Why do postdocs in many countries have such a hard time working to improve their lot? The answer lies, in part, with the nature of the postdoctoral experience. Unlike graduate students, who are increasingly forming unions (see Nature 451, 861; 2008), the two-year duration of most postdoc positions is often not enough time to seriously engage with issues such as salary, stipends and working conditions. It's hard for postdocs to invest time in a venture that will gain them few benefits, and will distract from their main objectives: conducting and publishing research and landing a job in what continues to be a very competitive landscape. Two years is also little time to drill through the dense red tape of universities and governments.

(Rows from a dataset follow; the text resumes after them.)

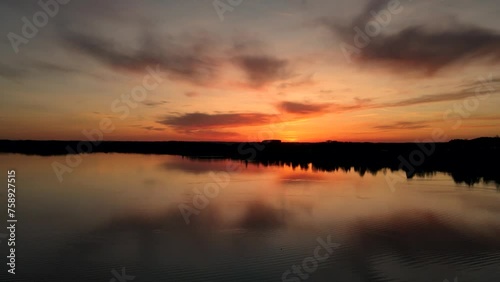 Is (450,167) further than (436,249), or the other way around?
(450,167)

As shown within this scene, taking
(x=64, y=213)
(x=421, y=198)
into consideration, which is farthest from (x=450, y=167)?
(x=64, y=213)

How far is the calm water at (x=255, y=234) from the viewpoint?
12.0 m

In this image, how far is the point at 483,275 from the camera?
1195cm

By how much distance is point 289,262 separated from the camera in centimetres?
1273

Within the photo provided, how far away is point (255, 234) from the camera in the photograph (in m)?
16.2

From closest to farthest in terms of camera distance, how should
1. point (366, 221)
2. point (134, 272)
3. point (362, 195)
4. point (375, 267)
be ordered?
point (134, 272)
point (375, 267)
point (366, 221)
point (362, 195)

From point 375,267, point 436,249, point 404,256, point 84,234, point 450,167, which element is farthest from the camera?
point 450,167

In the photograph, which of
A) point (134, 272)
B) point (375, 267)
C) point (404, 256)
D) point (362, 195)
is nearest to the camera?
point (134, 272)

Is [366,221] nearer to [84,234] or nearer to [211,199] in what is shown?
[211,199]

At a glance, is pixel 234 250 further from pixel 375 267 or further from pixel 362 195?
pixel 362 195

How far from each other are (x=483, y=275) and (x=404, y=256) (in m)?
2.43

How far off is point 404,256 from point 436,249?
187cm

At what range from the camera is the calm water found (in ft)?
39.3

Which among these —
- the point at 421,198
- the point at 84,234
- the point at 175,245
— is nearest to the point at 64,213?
the point at 84,234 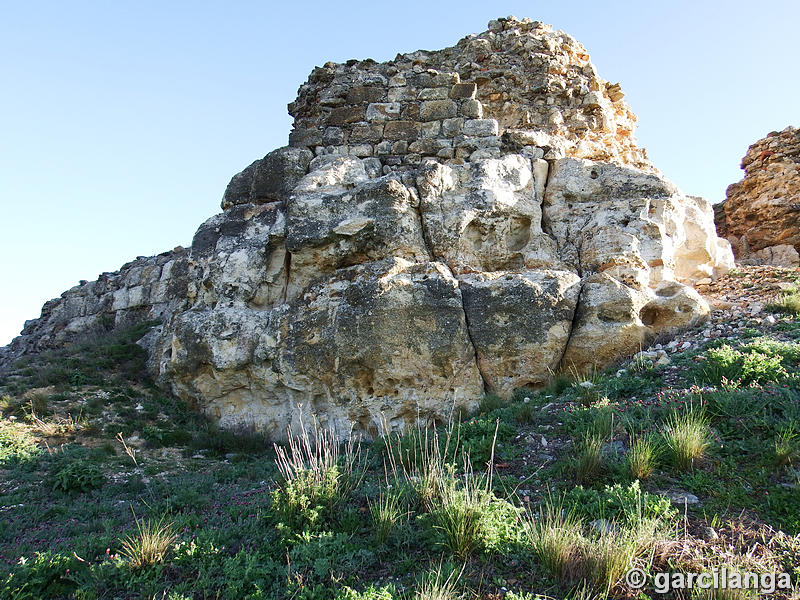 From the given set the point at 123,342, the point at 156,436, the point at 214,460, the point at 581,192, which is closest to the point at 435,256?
the point at 581,192

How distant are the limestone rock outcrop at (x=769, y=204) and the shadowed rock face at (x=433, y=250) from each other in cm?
349

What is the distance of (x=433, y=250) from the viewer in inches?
293

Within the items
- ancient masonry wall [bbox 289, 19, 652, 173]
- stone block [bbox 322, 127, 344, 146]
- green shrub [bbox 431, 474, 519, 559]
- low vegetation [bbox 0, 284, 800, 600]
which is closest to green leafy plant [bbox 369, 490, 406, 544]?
low vegetation [bbox 0, 284, 800, 600]

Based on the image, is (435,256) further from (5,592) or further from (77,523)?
(5,592)

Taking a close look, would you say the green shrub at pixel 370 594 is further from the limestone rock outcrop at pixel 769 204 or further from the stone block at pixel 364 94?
the limestone rock outcrop at pixel 769 204

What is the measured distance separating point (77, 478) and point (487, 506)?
15.3ft

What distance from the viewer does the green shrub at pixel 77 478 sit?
5.64m

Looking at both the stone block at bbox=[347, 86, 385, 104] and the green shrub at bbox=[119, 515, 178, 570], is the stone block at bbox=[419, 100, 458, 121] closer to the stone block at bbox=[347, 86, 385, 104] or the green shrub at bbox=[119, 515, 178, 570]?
the stone block at bbox=[347, 86, 385, 104]

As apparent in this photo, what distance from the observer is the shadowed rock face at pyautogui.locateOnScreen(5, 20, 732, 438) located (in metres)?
6.59

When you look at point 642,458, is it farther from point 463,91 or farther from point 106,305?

Yet, as detailed in an article on page 426, some postdoctoral associations are showing signs of progress, however modest. Perhaps the greatest success story has been the US National Postdoctoral Association (NPA). Started five years ago, the NPA has shown what can be done given ample outreach and good seed funding from prominent backers such as the Alfred P. Sloan Foundation in New York. At the NPA's annual meeting held in April in Boston, Massachusetts, the Sloan Foundation's Michael Teitelbaum recalled how he was initially not sure whether the association would make it, given the challenges of attracting a dedicated membership to an untested model. He has been pleasantly surprised, he says, at how much it has grown and the degree to which it is now self-sustaining. Walter Schaffer, a senior scientific adviser for extramural research at the National Institutes of Health (NIH), says that the NPA hasn't yet generated major changes in policy, but it has garnered a voice that makes postdocs feel less disenfranchised.

The NPA might have the ear of important institutions such as the NIH, but like many unions, it still faces frustrating bureaucratic roadblocks. Nevertheless, the NPA, and hence the US postdoc, has a voice that should remain strong and consistent for the foreseeable future. It is to be hoped that other nations, and other nations' postdocs, can follow its example.